BERYL A. HOWELL, United States District Judge.
The defendant, Dante Sheffield, was convicted at trial of unlawful possession with intent to distribute 100 grams or more of PCP in 2011. Verdict Form at 1, ECF No. 68. The defendant now challenges his conviction on Sixth Amendment grounds, contending that his trial counsel was ineffective. See Def.'s Pro Se Supplemental Pleadings ("February 2014 Filing") at 2, ECF No. 123; Def.'s Amend. Pro Se Supplemental Pleadings Pursuant to Fed. R. Civ. P. 33 Alleging Ineffective [sic] of Counsel ("April 2014 Filing") at 1, ECF No 124. For the reasons set forth below, the defendant's request for relief is denied.
The defendant was arrested, along with his co-defendant, Brande Dudley, on June 8, 2011, following a traffic stop. See United States v. Sheffield, 799 F.Supp.2d 22, 25-26 (D.D.C.2011).
The defendant and his co-defendant, were subsequently indicted on one count of possession of PCP with intent to distribute more than 100 grams of PCP. See Indictment at 1, ECF No. 9. After entering a plea of not guilty, the defendant, through his appointed counsel, litigated motions to revoke the defendant's detention pending trial, ECF No. 13; four pre-trial motions to suppress statements and physical evidence, ECF Nos. 17, 18, 37, and 55; and two motions filed by the government to present evidence under Federal Rules of Evidence 404(b) and 609, ECF Nos. 19 and 49. Additionally, the defendant filed a "Pro Se Motion to Dismiss Case" independently
After a three-day trial, a jury convicted the defendant and acquitted his co-defendant. Verdict Form at 1-2. The defendant's counsel subsequently moved the Court to reconsider its decision allowing the admission of drug evidence seized from the car in which the defendant was a passenger, and moved the Court to require the government to submit the seized drug evidence to the Drug Enforcement Agency for additional testing. See Def.'s Mot. Reconsider Def.'s Mot. In Limine Exclude Drug Evidence at 1, ECF No. 72; Def.'s Mot. Test Drugs Not Submitted to DEA at 1, ECF No. 74. These post-trial motions were denied. Minute Order, December 20, 2011; United States v. Sheffield, 842 F.Supp.2d 227, 228 (D.D.C.2012).
On February 28, 2012, the defendant was sentenced to 230 months imprisonment, ninety-six months supervised release, and a $100.00 special assessment. Judgment, ECF No. 89. The defendant promptly noticed his appeal. Notice of Appeal, ECF No. 85. Nearly seven months later, the defendant, proceeding pro se, filed a "Motion to Reopen Preliminary Detention Hearing on 6/14/11 before the Hon. Magistrate Judge Alan Kay Based Upon Fraud on the Court (the "September 2012 Motion")," ECF No. 99.

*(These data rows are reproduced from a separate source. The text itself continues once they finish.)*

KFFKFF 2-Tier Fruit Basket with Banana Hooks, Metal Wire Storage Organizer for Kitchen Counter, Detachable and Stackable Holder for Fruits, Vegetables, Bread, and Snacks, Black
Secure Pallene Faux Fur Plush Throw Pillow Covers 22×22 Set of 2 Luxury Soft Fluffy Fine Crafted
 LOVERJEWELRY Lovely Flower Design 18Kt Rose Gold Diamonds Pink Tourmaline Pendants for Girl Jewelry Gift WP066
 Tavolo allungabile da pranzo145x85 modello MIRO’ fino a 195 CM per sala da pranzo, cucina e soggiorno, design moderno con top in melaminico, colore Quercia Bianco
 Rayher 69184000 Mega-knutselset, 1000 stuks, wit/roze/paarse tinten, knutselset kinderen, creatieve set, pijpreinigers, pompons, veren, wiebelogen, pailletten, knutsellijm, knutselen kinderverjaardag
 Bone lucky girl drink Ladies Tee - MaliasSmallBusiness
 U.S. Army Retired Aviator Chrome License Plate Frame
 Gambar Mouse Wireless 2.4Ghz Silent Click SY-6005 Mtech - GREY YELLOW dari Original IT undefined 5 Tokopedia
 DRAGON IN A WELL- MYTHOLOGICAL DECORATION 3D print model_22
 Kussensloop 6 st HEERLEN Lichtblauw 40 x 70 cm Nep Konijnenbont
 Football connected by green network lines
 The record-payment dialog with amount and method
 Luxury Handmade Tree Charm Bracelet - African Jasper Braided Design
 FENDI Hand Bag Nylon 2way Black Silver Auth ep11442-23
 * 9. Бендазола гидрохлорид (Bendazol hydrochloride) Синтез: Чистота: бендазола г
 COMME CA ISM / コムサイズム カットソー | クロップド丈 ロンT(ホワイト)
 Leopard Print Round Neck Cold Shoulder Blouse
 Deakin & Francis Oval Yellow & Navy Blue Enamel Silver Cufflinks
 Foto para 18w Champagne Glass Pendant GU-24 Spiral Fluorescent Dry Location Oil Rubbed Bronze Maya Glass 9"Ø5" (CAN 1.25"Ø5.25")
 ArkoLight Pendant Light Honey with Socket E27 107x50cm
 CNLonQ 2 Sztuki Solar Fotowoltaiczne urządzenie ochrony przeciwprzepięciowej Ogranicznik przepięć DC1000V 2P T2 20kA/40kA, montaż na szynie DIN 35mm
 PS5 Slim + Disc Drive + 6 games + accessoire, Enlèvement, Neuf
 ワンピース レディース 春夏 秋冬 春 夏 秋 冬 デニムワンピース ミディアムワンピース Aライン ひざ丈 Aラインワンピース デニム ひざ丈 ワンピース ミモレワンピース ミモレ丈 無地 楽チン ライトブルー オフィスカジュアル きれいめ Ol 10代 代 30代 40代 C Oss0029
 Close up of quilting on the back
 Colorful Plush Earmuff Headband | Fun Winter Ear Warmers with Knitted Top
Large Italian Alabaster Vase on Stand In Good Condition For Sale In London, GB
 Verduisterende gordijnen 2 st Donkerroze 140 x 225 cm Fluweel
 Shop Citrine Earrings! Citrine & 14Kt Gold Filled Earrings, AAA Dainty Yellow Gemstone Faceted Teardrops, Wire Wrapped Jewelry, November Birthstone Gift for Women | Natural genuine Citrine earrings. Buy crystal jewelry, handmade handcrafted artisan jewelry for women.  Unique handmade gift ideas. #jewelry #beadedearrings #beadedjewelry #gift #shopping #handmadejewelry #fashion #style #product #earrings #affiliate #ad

In the September 2012 Motion, the defendant alleged that one of the officers who arrested him told the defendant's co-defendant that the officer "found marijuana butts in the ashtray" of the car in which the defendants were traveling. September 2012 Mot. at 1-2. The defendant alleged that this statement was false and "affected the integrity of the court proceeding." Id. The Court denied this motion under Federal Rule of Civil Procedure 62.1, since an appeal was already pending when the motion was filed. Minute Order, Sept. 5, 2012.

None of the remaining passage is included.